Go to the *Dell Support *website, enter your service tag and navigate to the dirvers for your pc


----------



## kodi (Jun 30, 2004)

*Re: Ethernet controller driver*

Drivers available *HERE*

Click on the + sign along side of Network

EDIT; These young blokes are too quick for me


----------



## Old Rich (May 31, 2007)

*Re: Ethernet controller driver*

Yeah . . but don't spell too good!!!


----------



## Lester Noyes (Aug 16, 2008)

*Re: Ethernet controller driver*

The problem is, when I go to the Dell website and look at drivers to download, I don't know what my ethernet device IS. Is there a program (like on the Macintosh) that tells me the NAME of every device and every piece of software in my computer?
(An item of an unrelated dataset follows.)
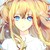 :iconhmoc-lucy:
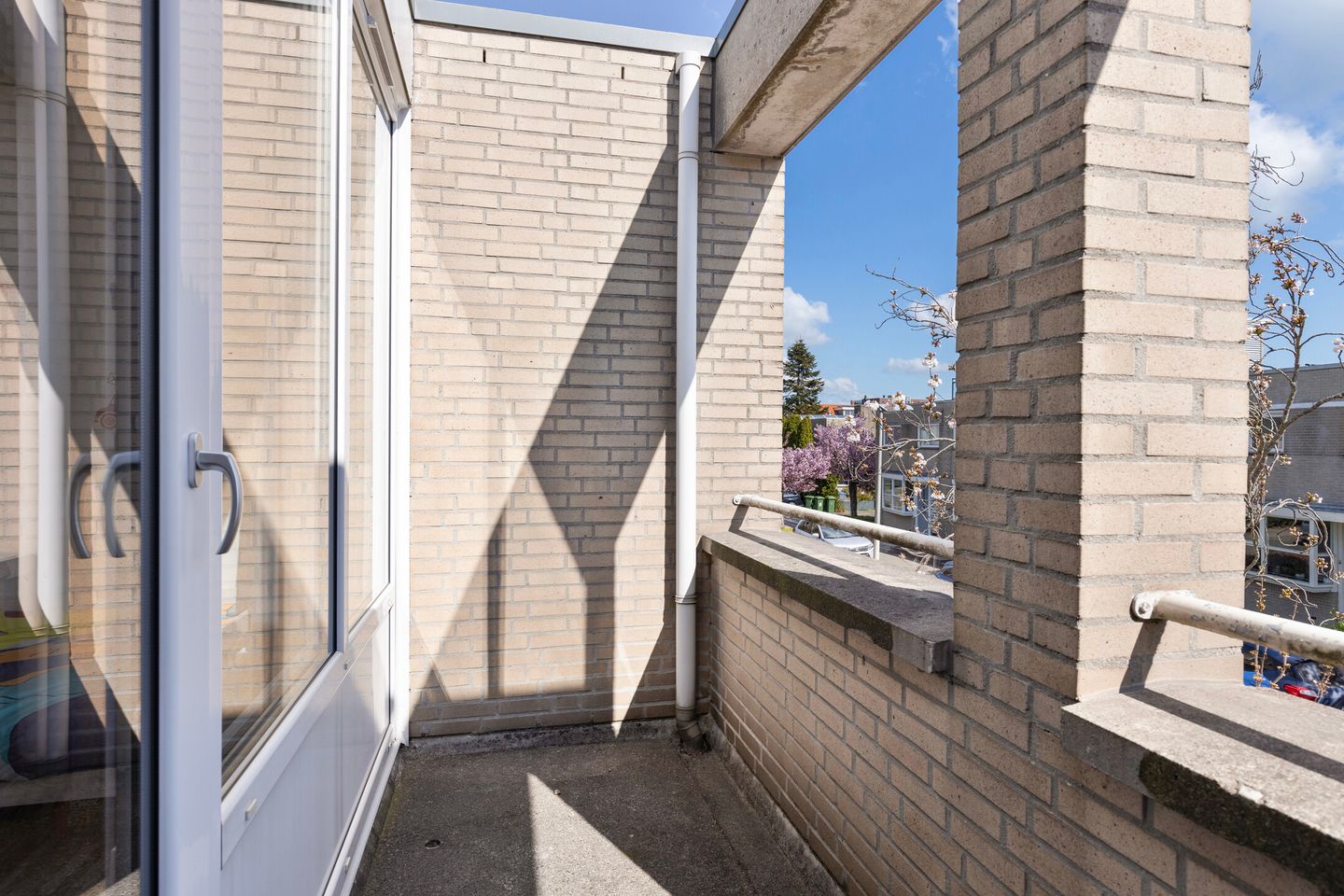 Foto 19 van Filips van Bourgondiëstraat 60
Somehow, no matter how I search, I can't find the name of the item for which I need a driver. It just says something generic, like "ethernet adaptor" -- no brand name, no model number. (I wonder if I have one at all...) Thanks for your help.


----------



## Old Rich (May 31, 2007)

*Re: Ethernet controller driver*

You can use the unknown Device Identifier . . it will usualy ID devices even without drivers

http://www.zhangduo.com/udi.html


----------



## Lester Noyes (Aug 16, 2008)

*Re: Ethernet controller driver*

Thanks a HEAP. Took me until the wee small hours but everything works now. 

May The Farce be with you,
Les


----------



## Old Rich (May 31, 2007)

*Re: Ethernet controller driver*










You can mark this thread as solved by clicking on the *Thread Tools *link in your first post . .


----------



## thinking (Sep 27, 2009)

*Re: Ethernet controller driver*

Thanks, guys. Same problem, efficiently solved with your help.
S


----------